Die Richtlinien zur Auseinandersetzung mit Esoterikangeboten stützen sich auf bestehende gesetzliche Regelungen und auf das Interesse an einem wissenschaftlich begründeten Diskurs über das Angebot. Mit diesen Richtlinien übernehmen die Volkshochschulen die Verantwortung gegenüber der Öffentlichkeit über ihre Bildungsangebote.
Die Empfehlung beruht auf folgenden Gesetzen, Grundsatzpapieren und Prinzipien:
- Bundesgesetz vom 21. März 1973 über die Förderung der Erwachsenenbildung und des Volksbüchereiwesens aus Bundesmitteln
- Bundesgesetz vom 7. Juni 1990 über die Führung der Berufsbezeichnung „Psychologe“ oder „Psychologin“ und über die Ausübung des psychologischen Berufes im Bereich des Gesundheitswesens (Psychologengesetz), BGBL. Nr. 360/1990
- Bundesgesetz vom 7. Juni 1990 über die Ausübung der Psychotherapie (Psychotherapiegesetz): BGBL. Nr. 361/1990
- Bundesgesetz über die berufsmäßige Ausübung der Musiktherapie (Musiktherapiegesetz – MuthG) BGBl. Nr. 93/2008
- Strafgesetzbuch, § 184, Kurpfuscherei
- „Empfehlung zur Gestaltung der Bildungsarbeit an Volkshochschulen“, vom Vorstand des Verbandes Österreichischer Volkshochschulen beschlossen am 10.Mai 1994 und der 25. Hauptversammlung am 25. Juni 1994 vorgelegt.
- Dem Grundsatzprinzip der Volkshochschulen, keine Therapie und keine medizinische Betreuung durchzuführen.
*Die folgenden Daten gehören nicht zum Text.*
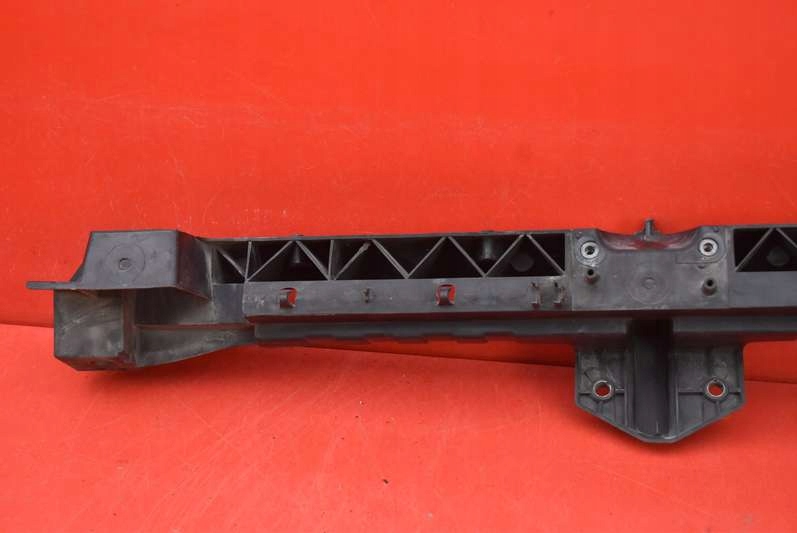 support panel for radiators pillar upper 9680544280 PEUGEOT PARTNER 2 II 1.6 HDI 75 KM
Richtlinien zum Umgang mit Esoterikangeboten an Volkshochschulen
Für die Volkshochschulen werden folgende Angebote abgelehnt:
- Angebote, die rassistisches und extremistisches Gedankengut verbreiten
- Angebote, in denen Führerkult betrieben, Legendenbildung propagiert oder ein unhinterfragtes Meister-Schülerverhältnis zugrunde gelegt wird, das zu destruktiven Jugendkulten führt sowie Angebote, in denen „Meister“ für Heilslehren ausgebildet werden
- Angebote, die Allmachtsphantasien betonen
- Angebote, in denen Einweihungen und Riten vorgenommen werden
- Angebote, bei denen ein Wahrheitsmonopol in Aussicht gestellt wird
- Angebote, bei denen Gruppenmitglieder ausgenützt werden beziehungsweise sich ausnützen lassen.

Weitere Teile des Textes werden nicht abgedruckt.